§ Problem details
No pictures belong in the copy. Restate the rest of the data exactly.

§ Data listing

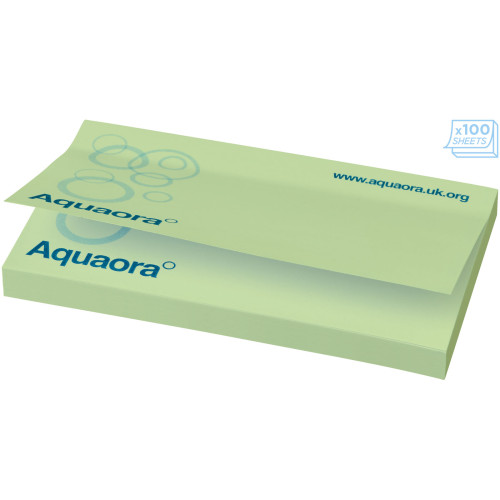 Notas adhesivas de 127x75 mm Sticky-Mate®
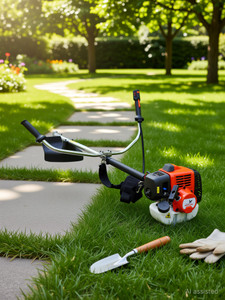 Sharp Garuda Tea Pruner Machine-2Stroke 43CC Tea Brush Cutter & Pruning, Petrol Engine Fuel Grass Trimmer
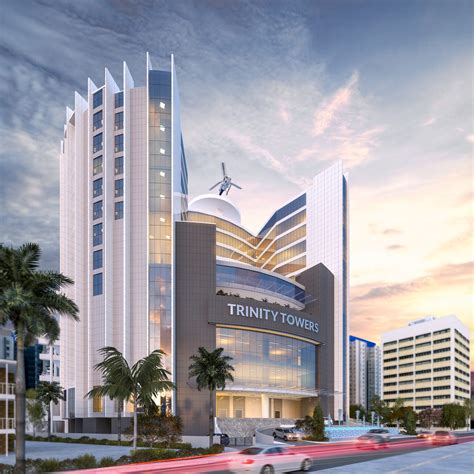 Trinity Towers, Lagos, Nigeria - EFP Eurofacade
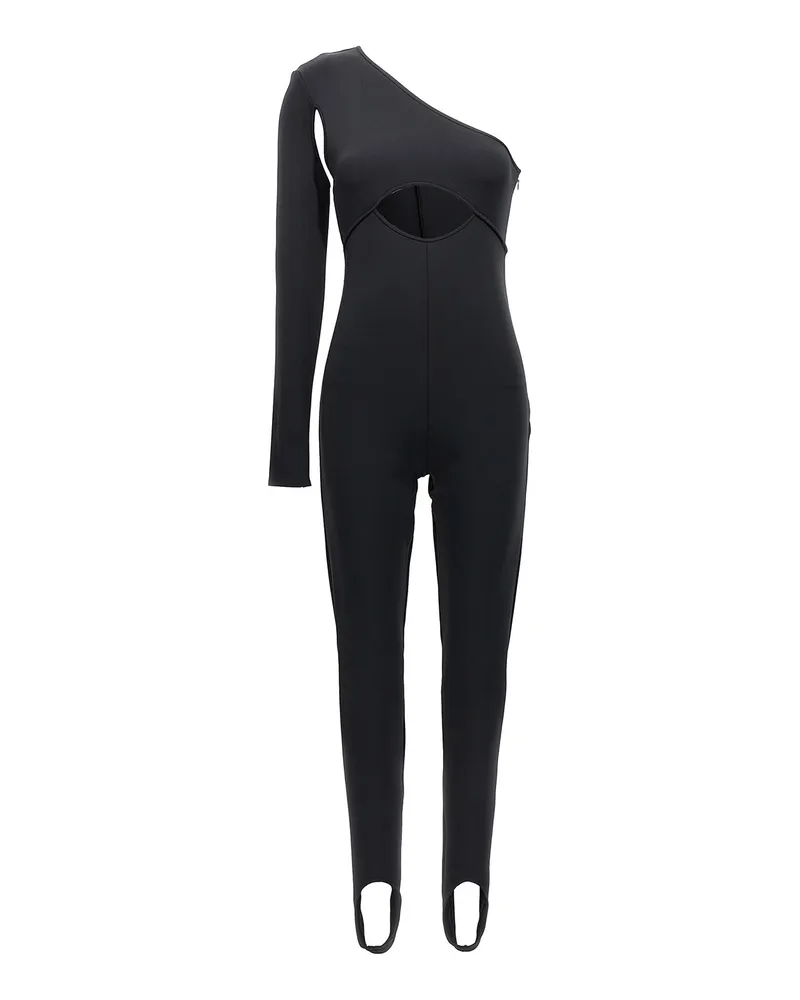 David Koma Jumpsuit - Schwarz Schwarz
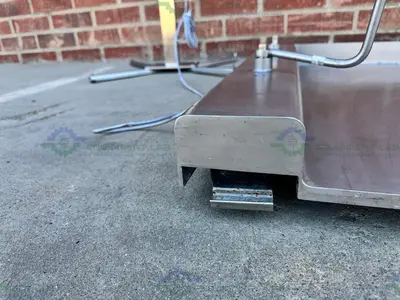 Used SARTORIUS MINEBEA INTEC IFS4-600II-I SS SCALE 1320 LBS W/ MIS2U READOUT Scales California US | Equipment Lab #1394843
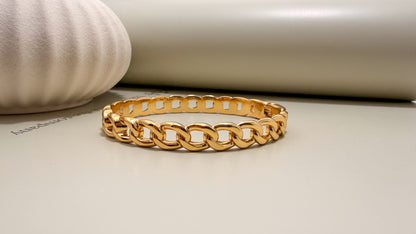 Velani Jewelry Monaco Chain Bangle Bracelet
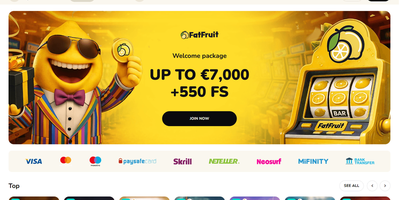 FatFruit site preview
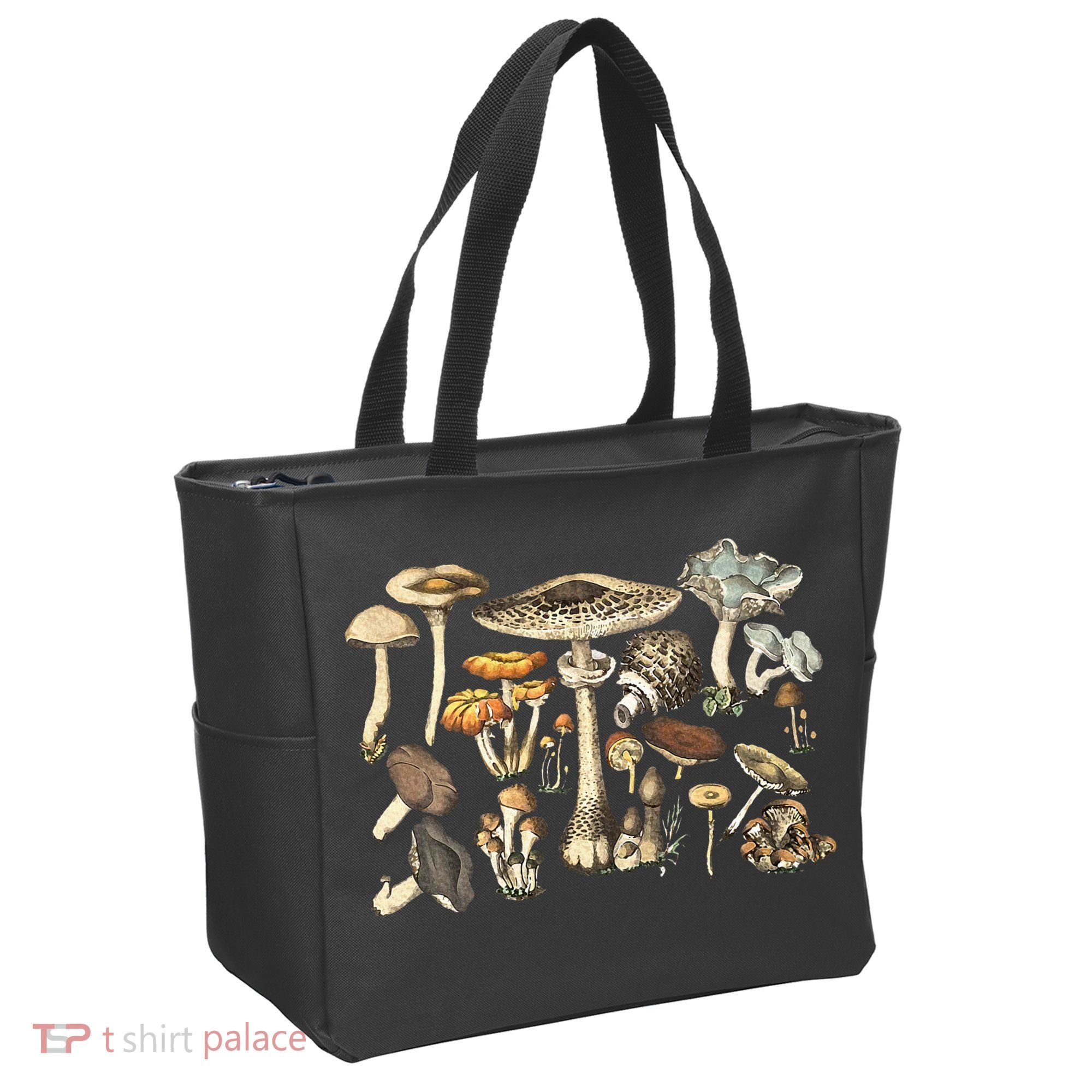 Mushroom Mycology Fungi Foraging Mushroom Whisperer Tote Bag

§ Expected answer
 Notas adhesivas de 127x75 mm Sticky-Mate®
 Sharp Garuda Tea Pruner Machine-2Stroke 43CC Tea Brush Cutter & Pruning, Petrol Engine Fuel Grass Trimmer
 Trinity Towers, Lagos, Nigeria - EFP Eurofacade
 David Koma Jumpsuit - Schwarz Schwarz
 Used SARTORIUS MINEBEA INTEC IFS4-600II-I SS SCALE 1320 LBS W/ MIS2U READOUT Scales California US | Equipment Lab #1394843
 Velani Jewelry Monaco Chain Bangle Bracelet
 FatFruit site preview
 Mushroom Mycology Fungi Foraging Mushroom Whisperer Tote Bag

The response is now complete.